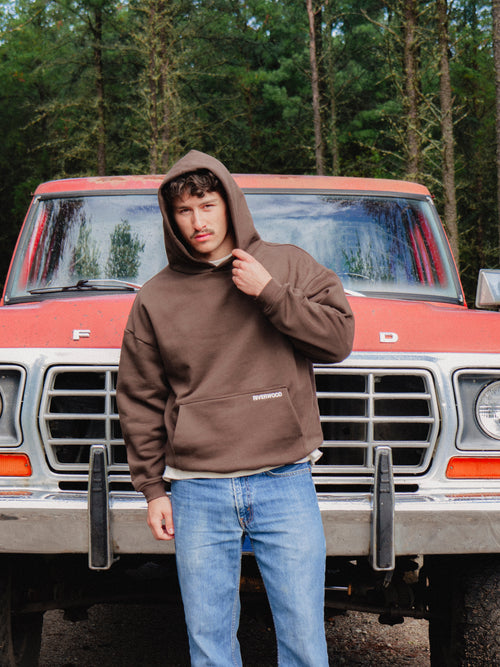 Arch Logo Hoodie - Brown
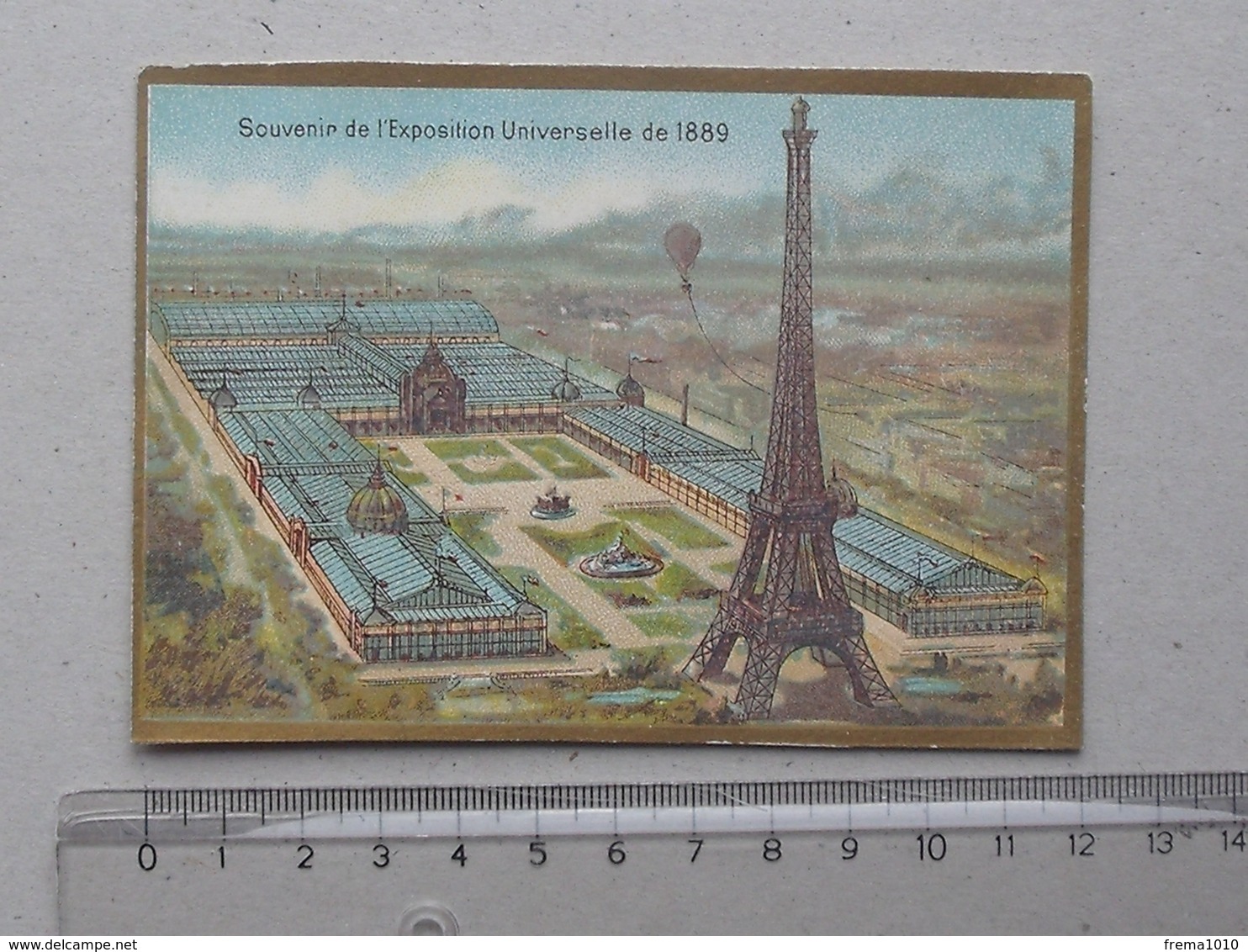CHROMO Souvenir De L'Exposition Universelle De 1889: LA TOUR EIFFEL - Autres & Non Classés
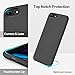 TORRAS Love Series iPhone 8 Plus Case/iPhone 7 Plus Case, Liquid Silicone Gel Rubber Case with Soft Microfiber Cloth Lining Cushion Compatible with iPhone 8 Plus/iPhone 7 Plus, Matte Black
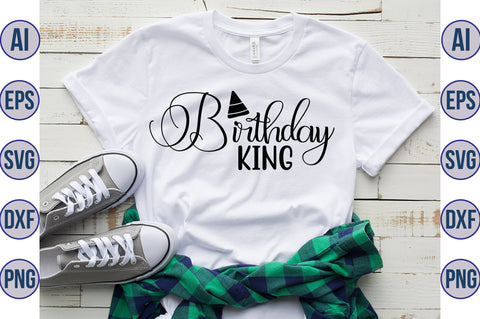 BIRTHDAY KING svg SVG nirmal108roy 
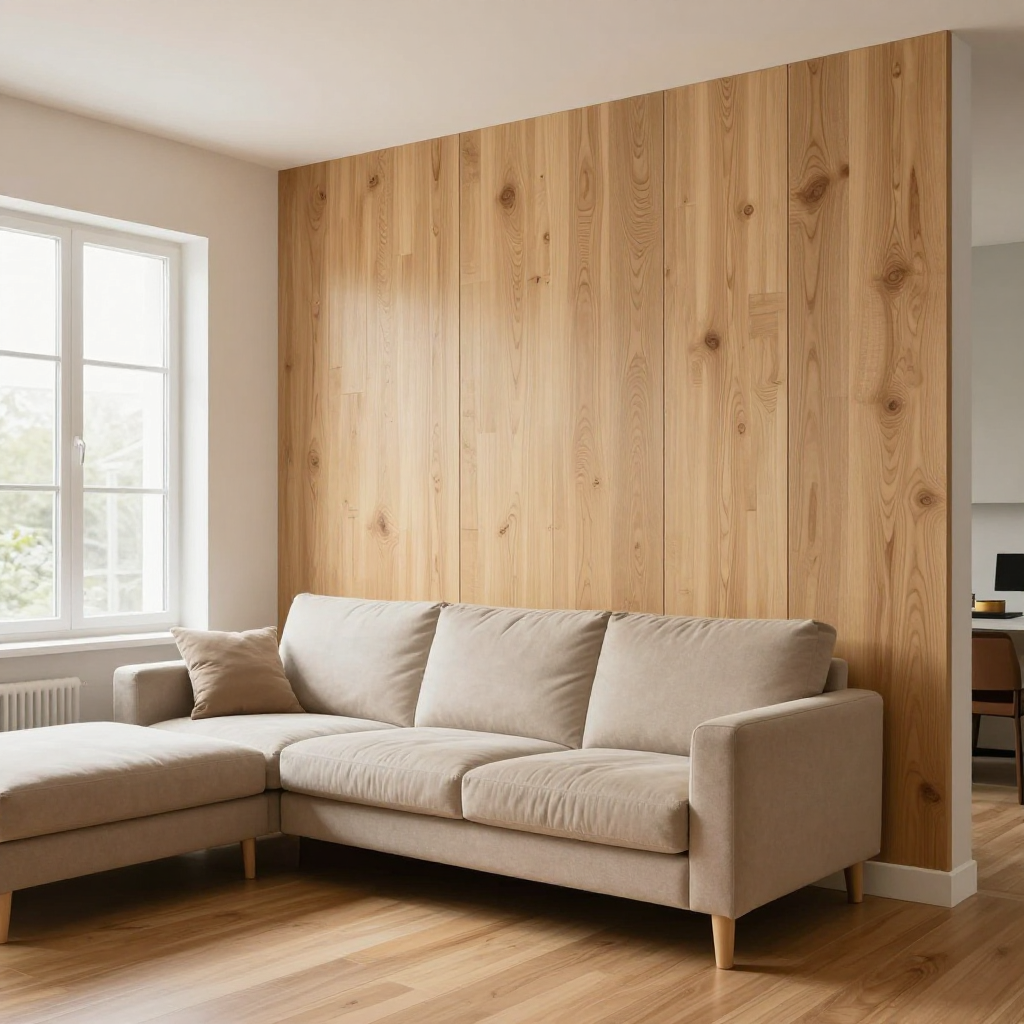 Покриття вінілове самоклеюче 3D рейки 600х600х2,8мм Дуб перлинний пісок — простий спосіб оновити інтер’єр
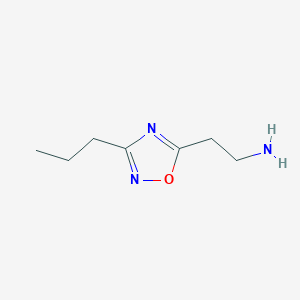 molecular formula C7H13N3O B8678164 2-(3-Propyl-[1,2,4]oxadiazol-5-yl)-ethylamine 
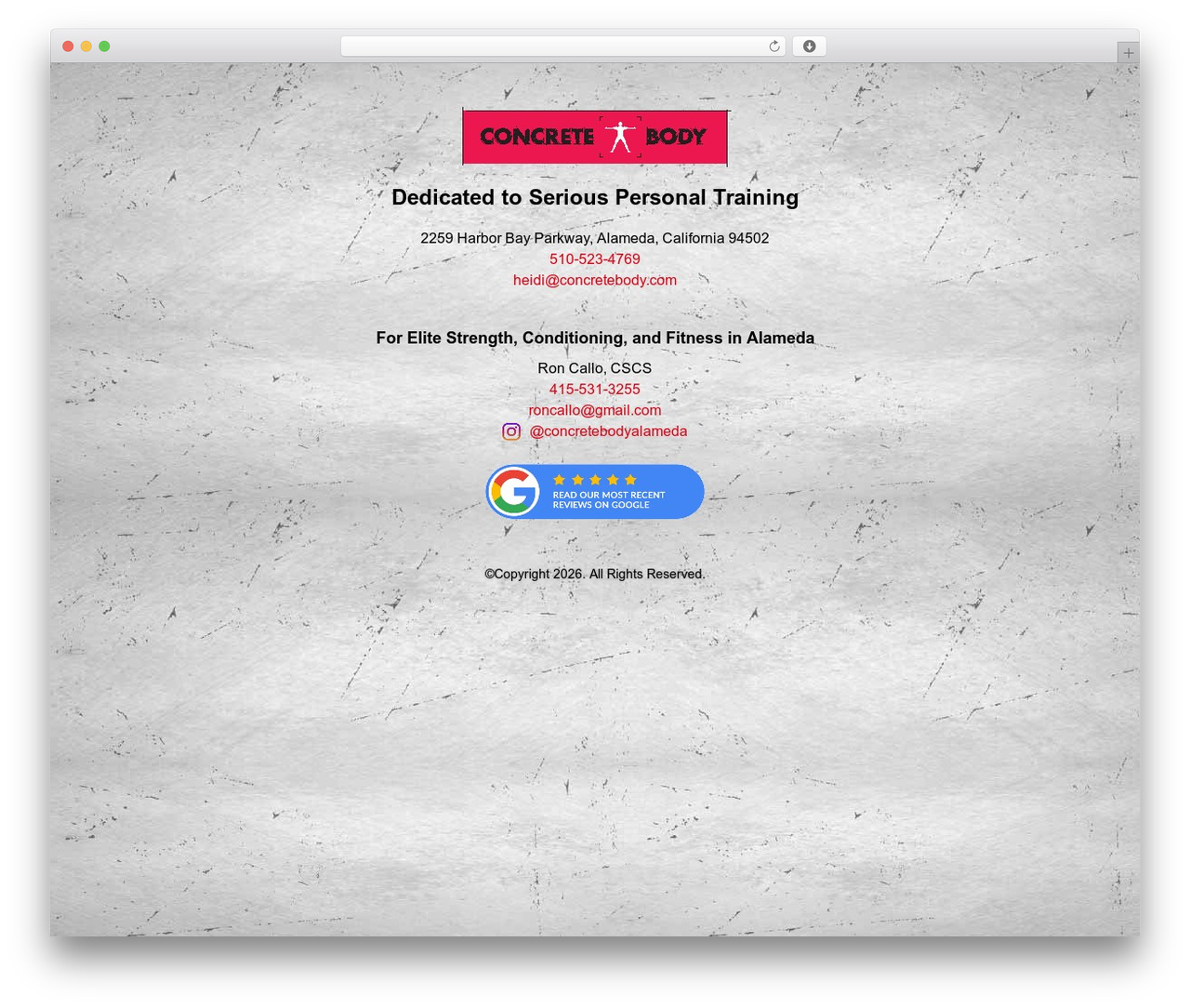 CCB WordPress theme - concretebody.com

========

◆ ABOUT THIS TASK ◆
Please output the lines from the line that holds "molecular formula C7H13N3O" through the final line of the material above, both included. Each line must match exactly, and pictures must be excluded.

◆ OUTPUT BELOW ◆
 molecular formula C7H13N3O B8678164 2-(3-Propyl-[1,2,4]oxadiazol-5-yl)-ethylamine 
 CCB WordPress theme - concretebody.com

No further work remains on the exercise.